LoRA (Low-Rank Adaptation) for Multi-Head Attention: Complete Tutorial
1. Introduction to LoRA
LoRA (Low-Rank Adaptation) is a parameter-efficient fine-tuning technique for large-scale pre-trained models. It allows us to adapt a model by introducing low-rank trainable matrices into certain parts of the network while keeping the original pre-trained weights frozen.
2. Core Idea
In standard training, a weight matrix $W \in \mathbb{R}^{d \times k}$ is updated directly. LoRA freezes $W$ and instead introduces a trainable low-rank perturbation:
$W’ = W + \Delta W \quad \text{where} \quad \Delta W = A B \quad A \in \mathbb{R}^{d \times r}, B \in \mathbb{R}^{r \times k}, r \ll \min(d, k)$
This allows only $A$ and $B$ to be trained.
Fig.~1 LORA fine-tuning the weights with intorducing the low-rank trainable matrices
Why Efficient?
- The full matrix $W$ has $d \times k$ parameters.
- LoRA adds $d \times r + r \times k = r (d + k)$ trainable parameters.
- For square matrices where $d = k$, LoRA has $2 \times r \times d$ parameters.
This is a massive reduction when $r \ll d$.
Why Can We Approximate a Matrix with a Low-Rank One?
Most real-world weight matrices contain significant redundancy. The effective information often lies in a low-dimensional subspace. Through Singular Value Decomposition (SVD):
$W = U \Sigma V^\top$
We can keep only the top $r$ singular values and associated vectors:
$W \approx U_r \Sigma_r V_r^\top = A B$
LoRA mimics this with trainable $A$ and $B$, assuming that the model only needs a low-dimensional update for fine-tuning.
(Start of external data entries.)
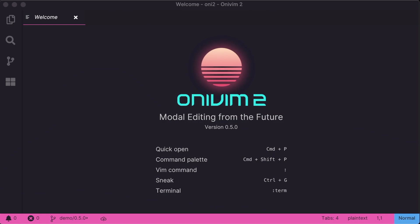Hello and welcome. Thanks for checking out our 0.5.0 release of OniVim. A lot of new features and functionality in this build.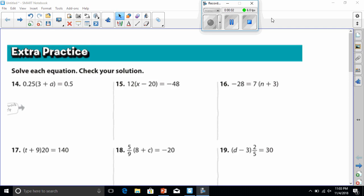Good evening, everybody. Today we're going to be doing our homework for more two-step equations. So let's begin. I'm going to do the odd. I'll start with number 15.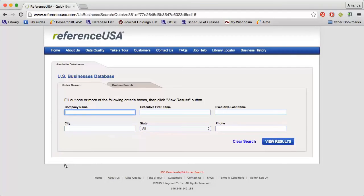For small local companies, it may be a good idea to enter the city and state as well. I'm going to search for the Sweet Spot coffee shop in Whitewater.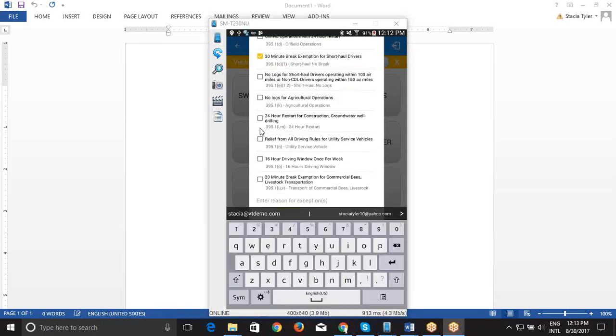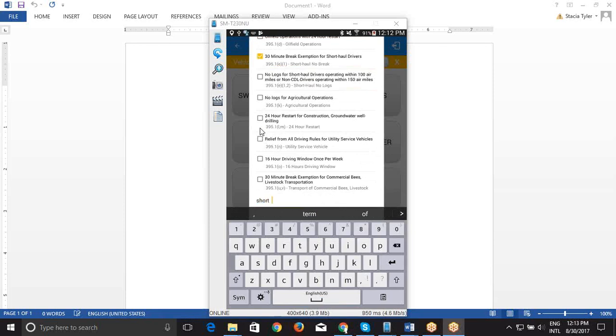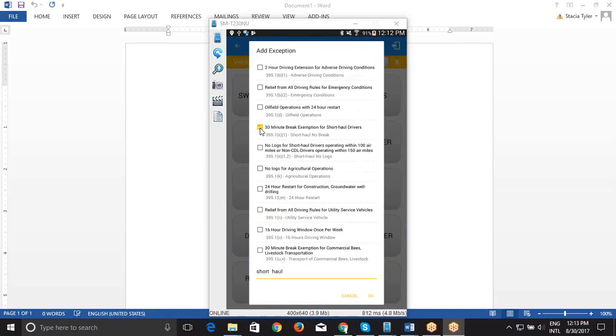You need to enter a reason. So we'll do short-haul as an example, and then click OK.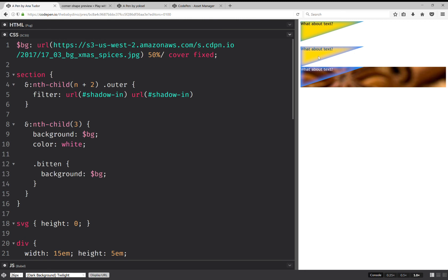This is it. This is how you can have an inset shadow for an irregular HTML element. One that's not a rectangular one. I hope you've enjoyed this video. And if you have any questions or suggestions for future videos, just drop them in the comments below or send them on Twitter. And until next time. Bye.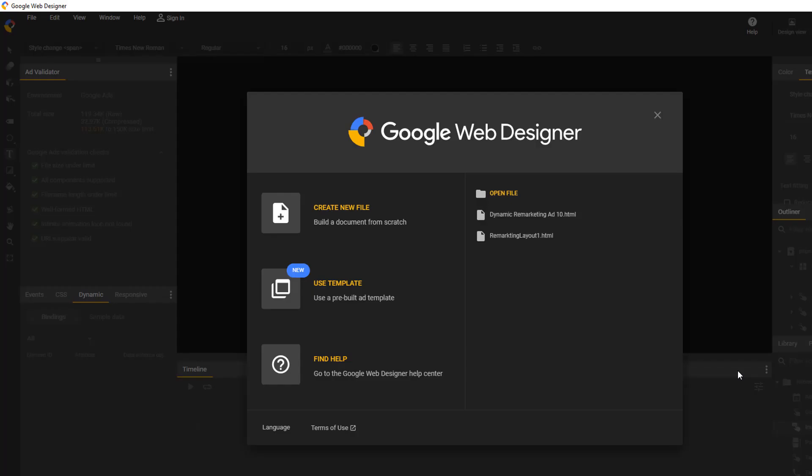As we get started, you will need to install another program for this step. Please see the link in the description to download the Google Web Designer program. This will be used to help create and visualize the advertisements that we are going to make for our campaign. Just a heads up, this is meant to be a beginner's tutorial. This is an incredibly advanced concept that we are going to go over at a very cursory level.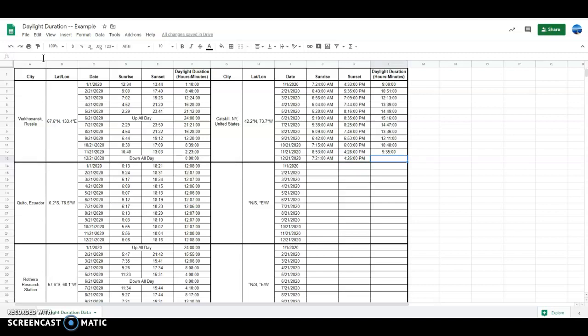The last piece of data to enter here is the daylight duration — that was 9 hours and 5 minutes.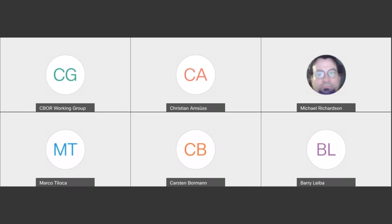Let's start. Welcome everybody to the CBOARD Interim. This is an official ITF meeting and the note will apply. So we have an agenda for today. You can see it on the Code EMD link that Christian has posted in the chat. If not, then we can start with the status update.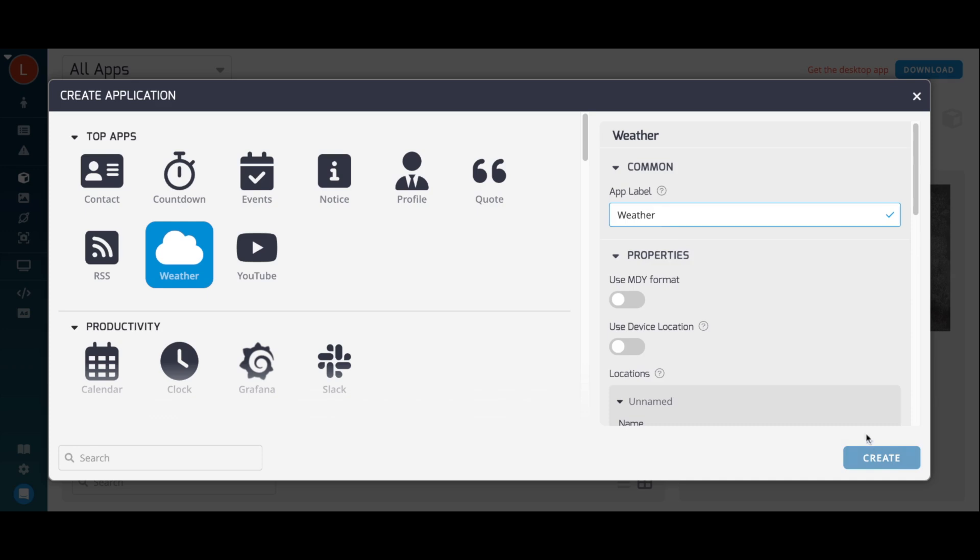For the weather app, you can give your app a name, decide the date format, and toggle Use Device Location to display the weather at the device's location.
This insight drastically reduces the number of trainable parameters without a significant drop in performance.
3. Where LoRA is Applied in Attention
In Transformers, attention is computed as:
$\text{Attention}(Q, K, V) = \text{softmax}\left( \frac{Q K^\top}{\sqrt{d_k}} \right)V$
Where:
- $Q = X W^Q$, $K = X W^K$, $V = X W^V$
LoRA is usually applied to:
- $W^Q$, $W^V$
- Optionally $W^K$
Why Q and V?
To understand this intuitively, imagine a math classroom where tokens are students:
- Each student learns about a specific topic (e.g., algebra, geometry).
- Each student can ask questions (Query / Q) and answer questions (Value / V).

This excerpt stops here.